Tuesday, May 10, 2005
Bleep and the City
I had the dubious pleasure of watching a Sex and the City rerun last night on local (i.e., non-cable) channel RPN 9. It was a rather challenging experience in televiewing: with every third word or so bleeped out due to censorship, I really needed to exercise my ability to extrapolate dialogue from lip-reading and context clues. The character of Samantha, poor thing, was practically speechless for the entire program.Now, okay, I can kind of comprehend censoring out the word 'orgasm'--oops, excuse me, orbleepsm. You know, for all those six-year-olds who happen to be watching TV at 10:30 in the evening. But honestly, do we truly need to protect our children from the word 'breasts'? Half the human population has, will have, or has had brbleepsts (not even counting those who wish to someday acquire brbleepsts). Even chickens have brbleepsts; and supermarket displays and restaurant menus the world over have no problem publicly acknowledging this. But God forbid that we actually say 'breasts' on TV when we are, in fact, referring to: tits, boobs, knockers, whangers, bazongas.

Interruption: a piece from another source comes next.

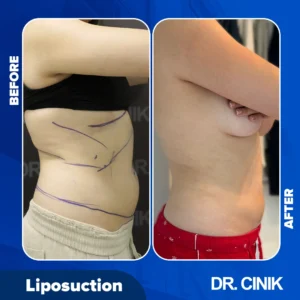 Liposuction in Turkey before after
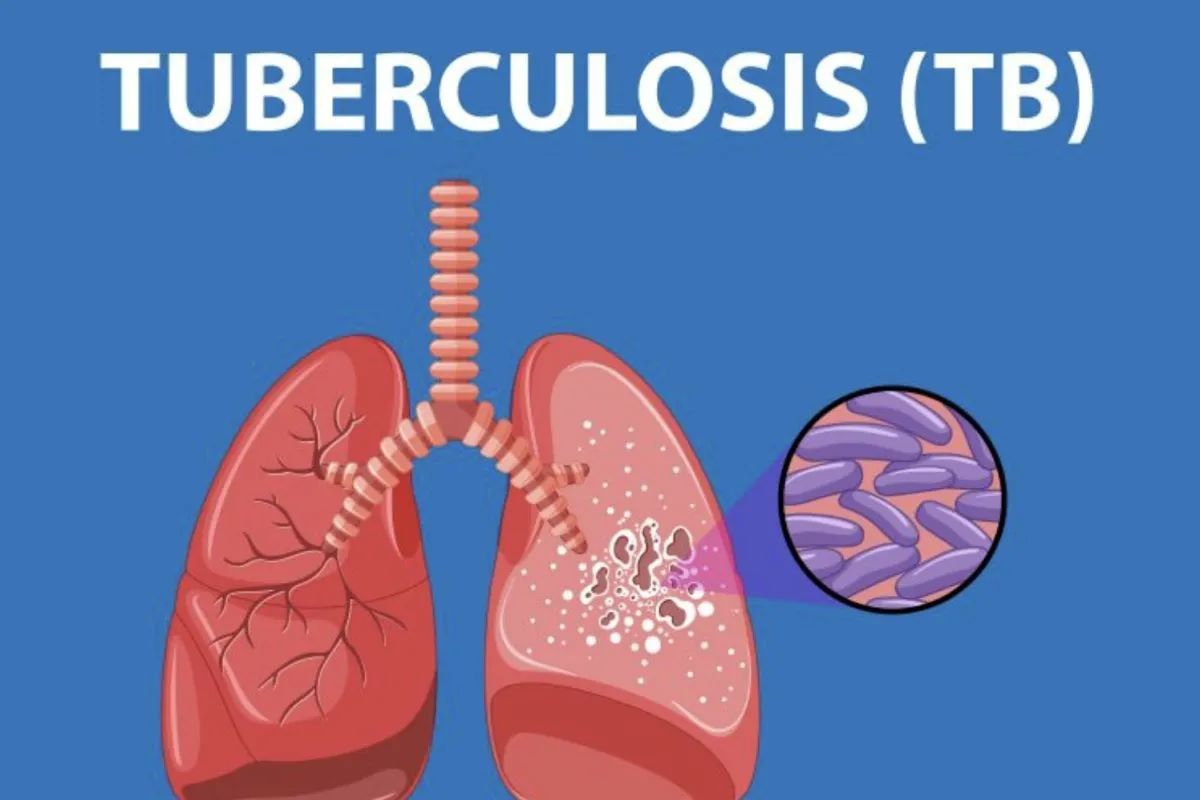 TPMD dr. Bram Natanael - Pelayanan Hebat Pengobatan Tepat - Klinik Terbaik di Kota Medan - WHO Tetapkan Tuberkulosis Sebagai Penyakit Menular Paling Mematikan Dr.Bram Sembiring : Jangan Takut untuk Berobat Tuberkulosis Bisa Sembuh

You can probably tell that I find this squeamishness with sexual terminology peculiar and perplexing. I just feel that it says something distressing about our culture that we are completely comfortable speaking words like 'murder', 'mutilation', and 'massacre' (lots of nasty words that start with the letter M...); yet many of us are simply unable to say 'cock' or 'pussy' (one or the other of which, it may be presumed, each of us possesses, after all) out loud. Even their more polite, clinically-approved cousins, 'penis' and 'vagina', are generally eschewed, if at all possible, in favor of the enigmatic phrase 'down there'--spoken, by preference, in hushed tones, as if discussing state secrets.
'Down there', really. Are we discussing genitalia or Australia? Either way, apparently, it's something of a foreign country; and evidently, the people who engage in persistent sexual censorship and/or euphemism are determined to keep it that way.
I should probably be grateful they didn't change the show's title to 'Intimacy and the City'.